YOUR TASK: Copy all records precisely, apart from the pictures.

....

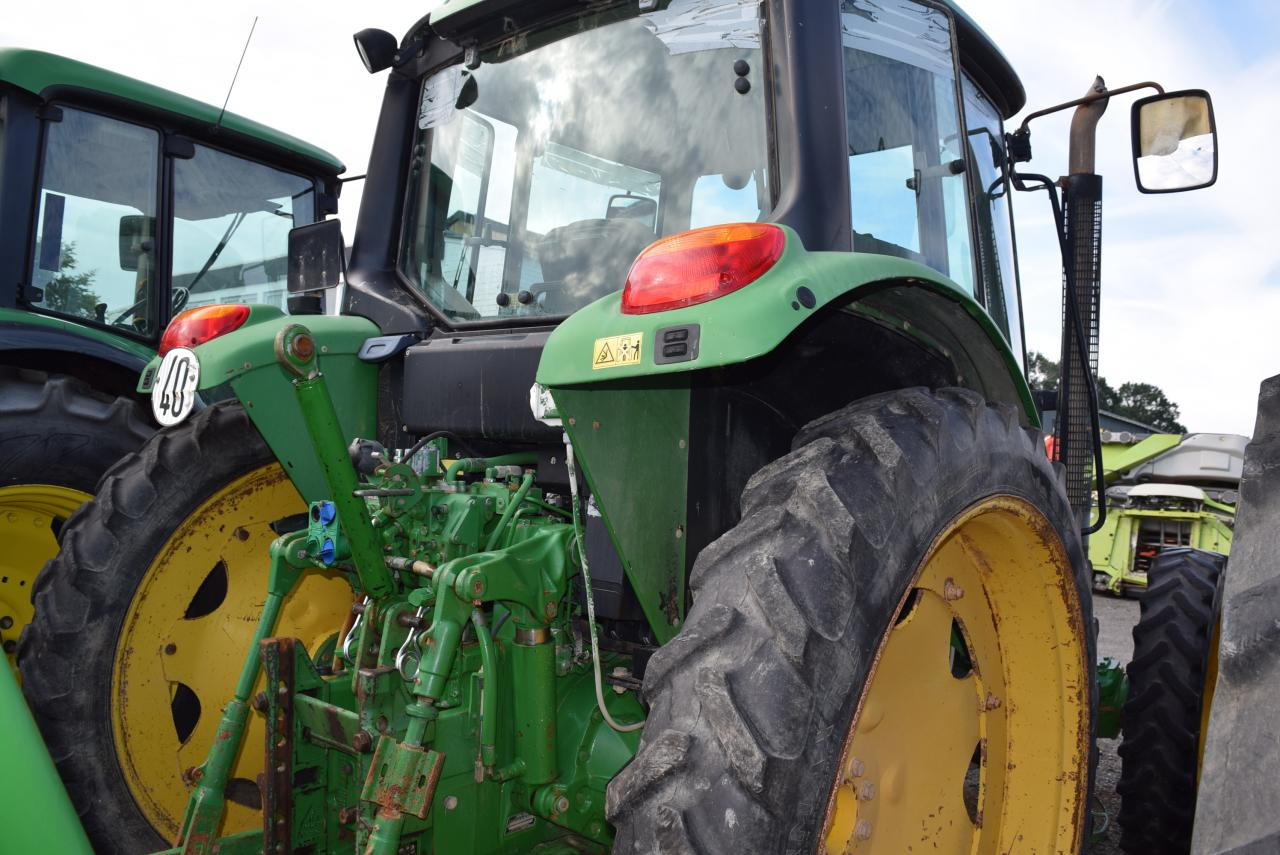 John Deere 6230 - Трактор: фото 3 John Deere 6230 - Трактор: фото 3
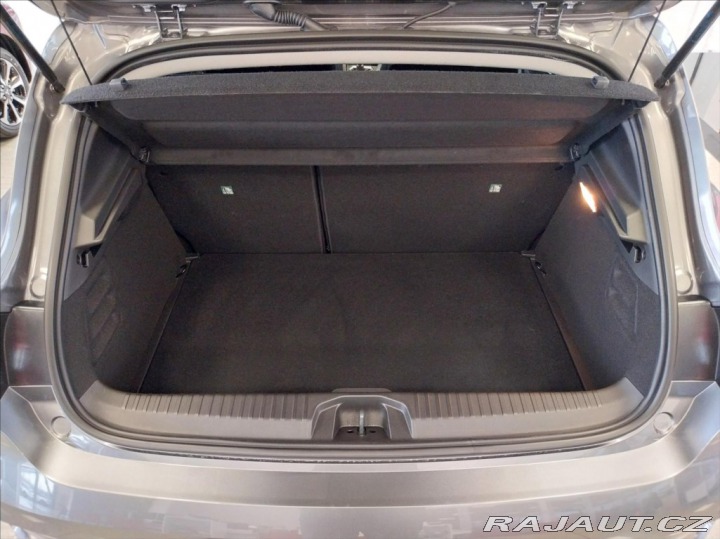Mitsubishi Colt 1.0 MPI 5MT INVITE 2024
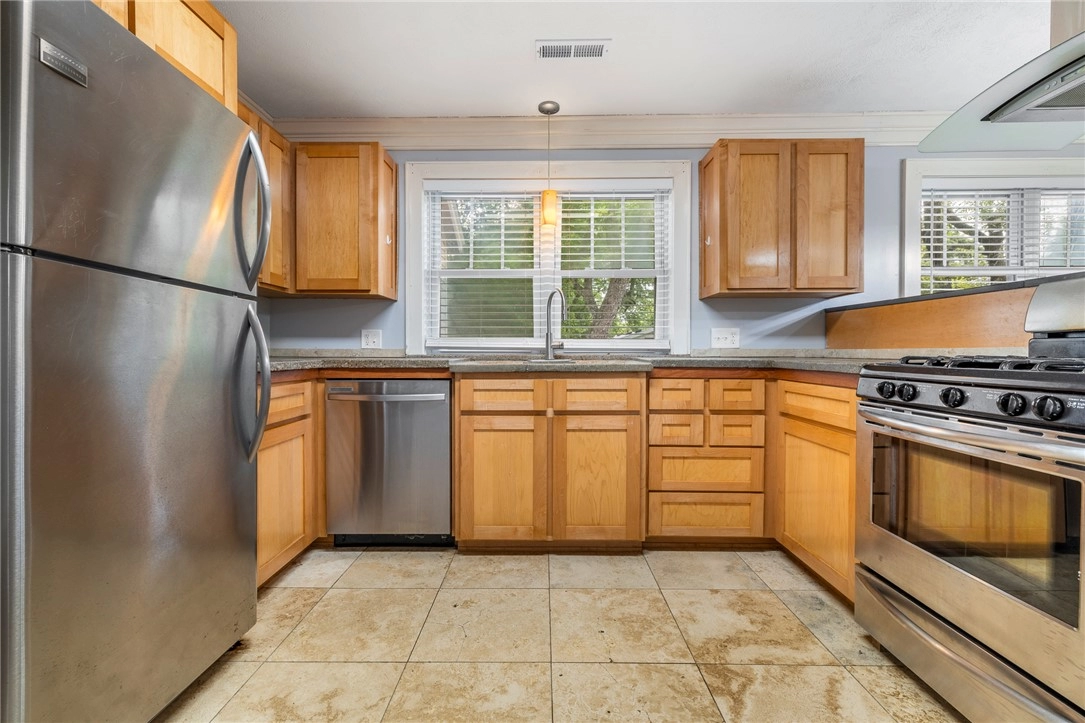 1101 N Maple St, Harrison, AR 72601 photo 10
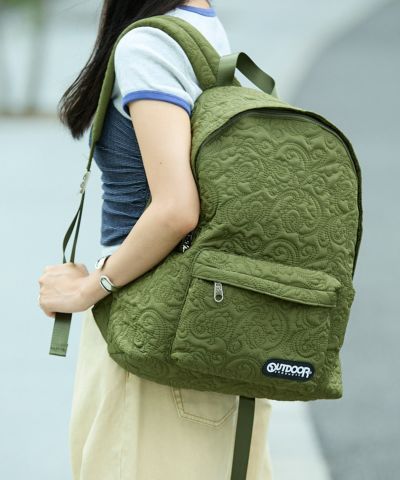 Casselini メタリックシルバー　リュックサック Casselini メタリックシルバー リュックサック ナップサック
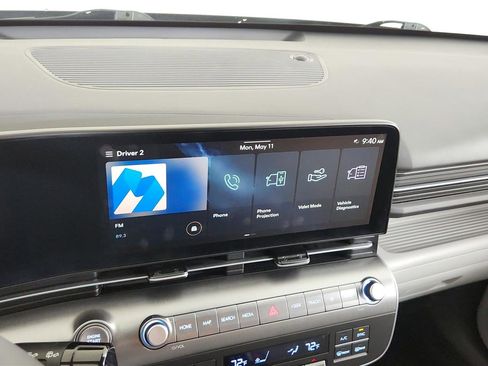 Used 2025 Hyundai Kona SEL AWD/4WD image 23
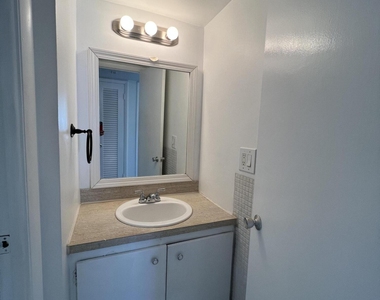 223 Columbia Drive - Photo Thumbnail 9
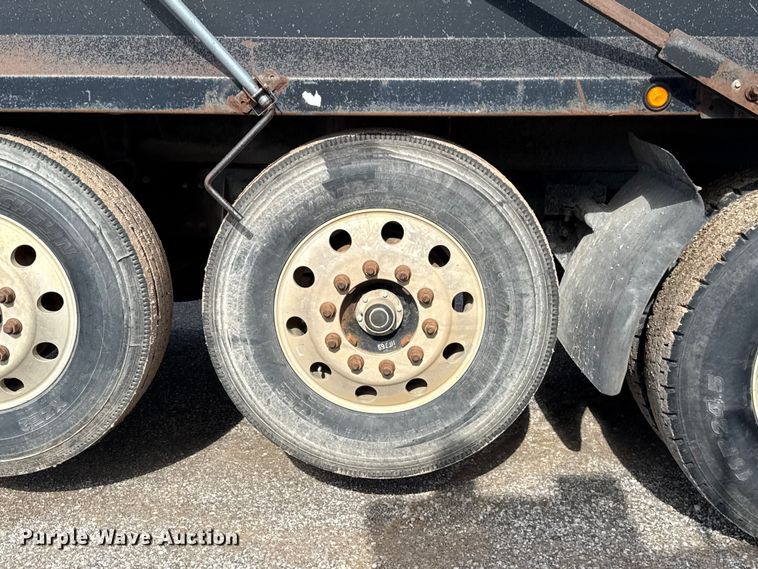 image for item EU5494 2000 Freightliner FLD120 dump truck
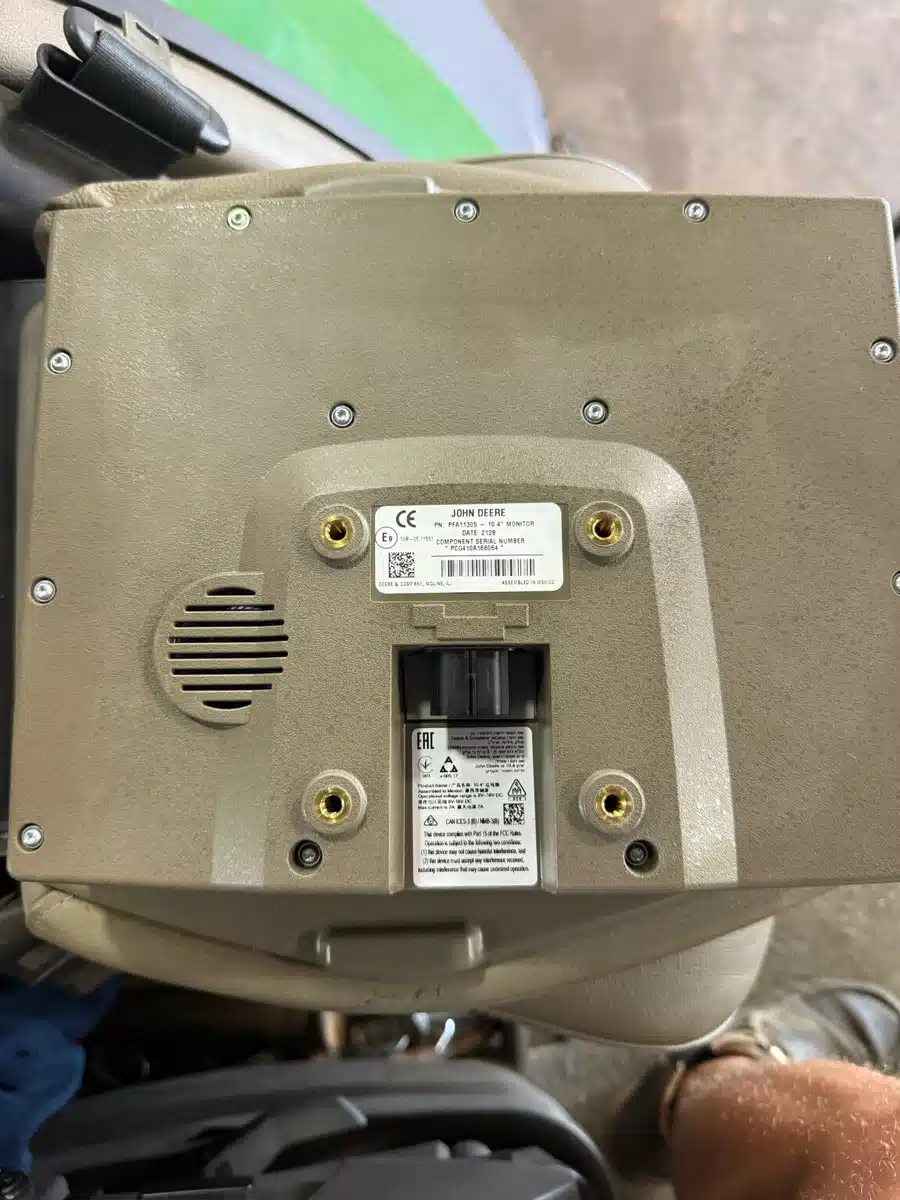 Gallery image 2 for Used 2022 John Deere Gen 4 Extend Monitor 072EPC Guidance System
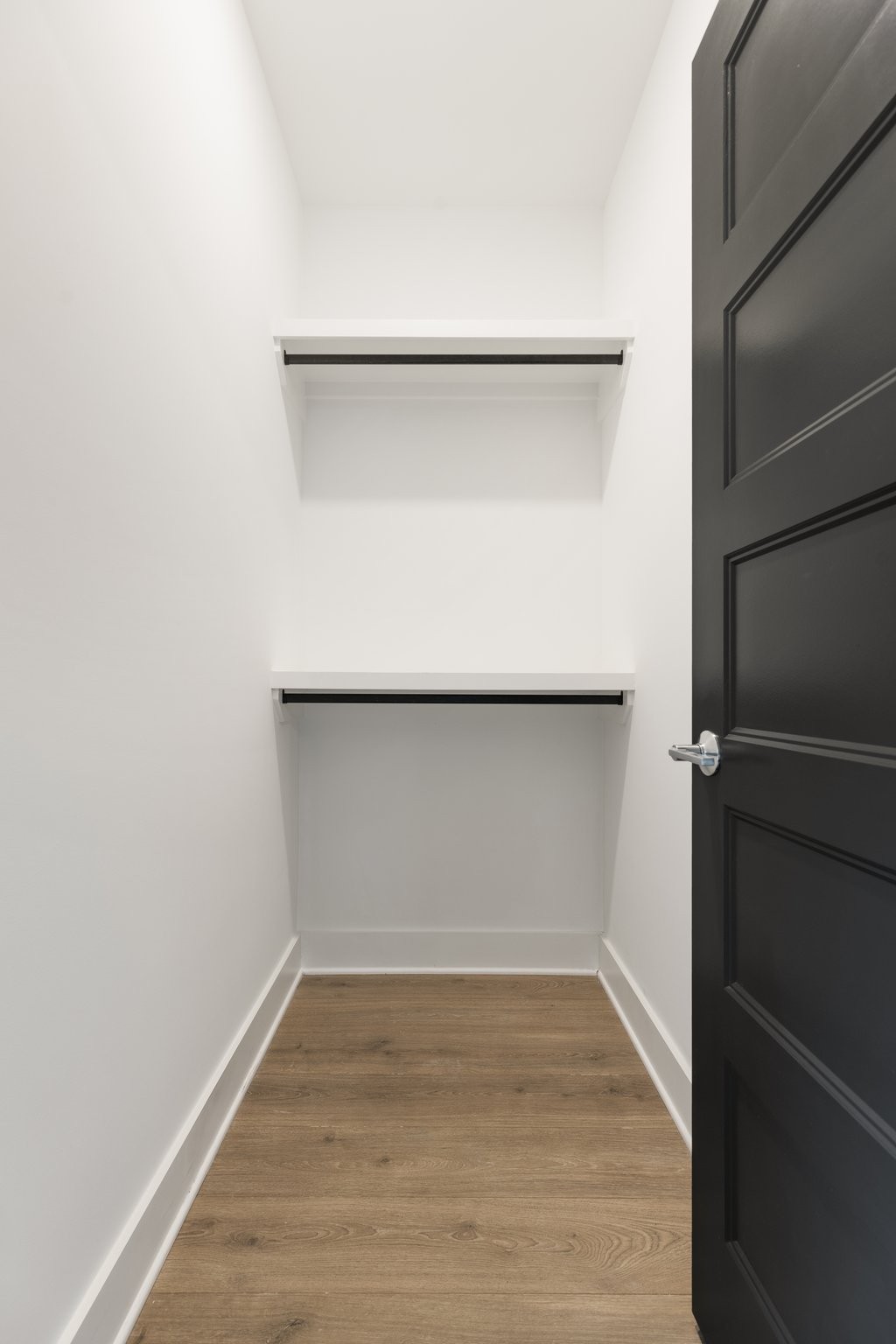 801 Cherokee Ave Unit: 6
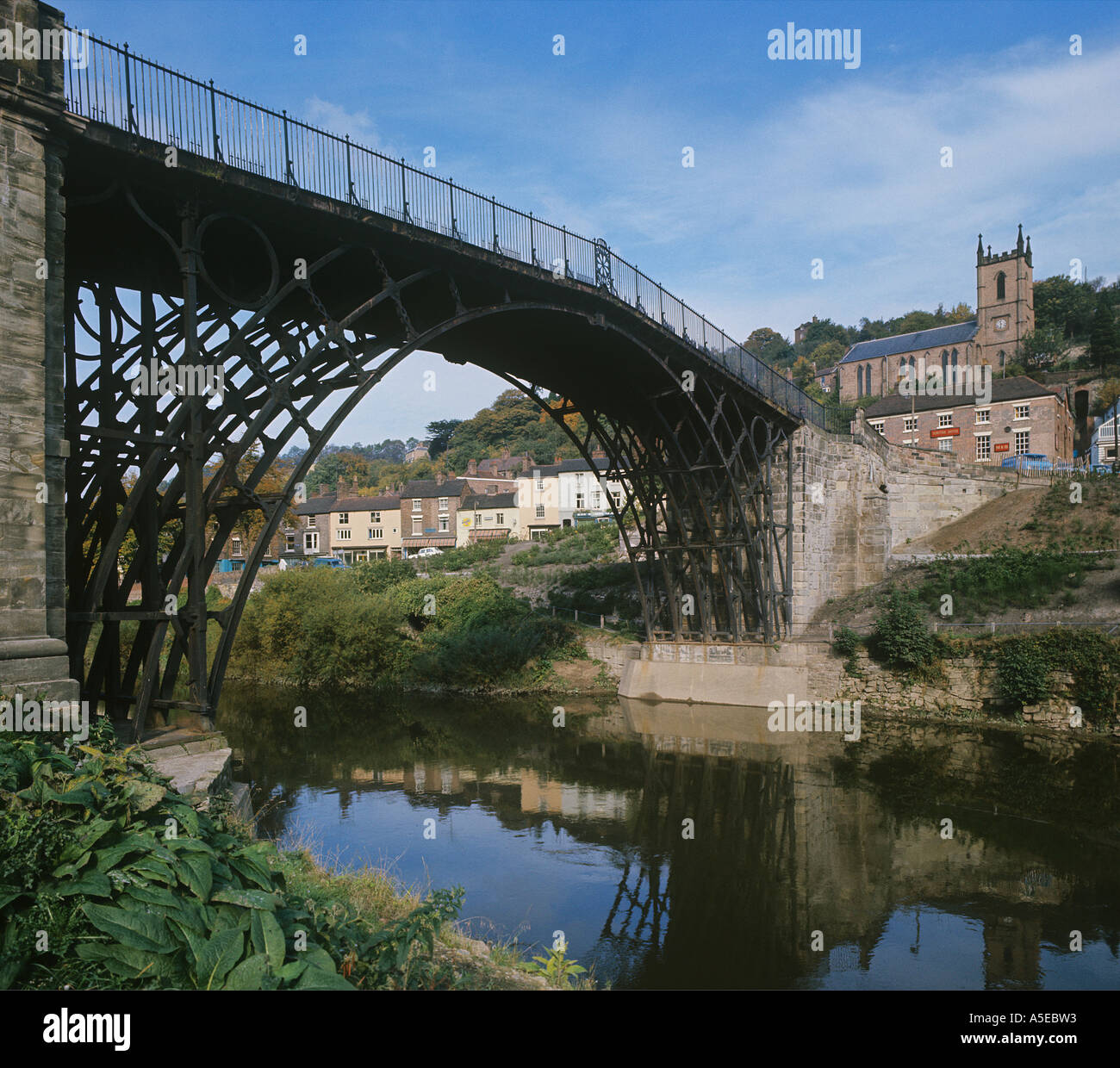 Iron bridge in ironbridge hi-res stock photography and images - Alamy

....

YOUR SOLUTION:
 John Deere 6230 - Трактор: фото 3 John Deere 6230 - Трактор: фото 3
Mitsubishi Colt 1.0 MPI 5MT INVITE 2024
 1101 N Maple St, Harrison, AR 72601 photo 10
 Casselini メタリックシルバー　リュックサック Casselini メタリックシルバー リュックサック ナップサック
 Used 2025 Hyundai Kona SEL AWD/4WD image 23
 223 Columbia Drive - Photo Thumbnail 9
 image for item EU5494 2000 Freightliner FLD120 dump truck
 Gallery image 2 for Used 2022 John Deere Gen 4 Extend Monitor 072EPC Guidance System
 801 Cherokee Ave Unit: 6
 Iron bridge in ironbridge hi-res stock photography and images - Alamy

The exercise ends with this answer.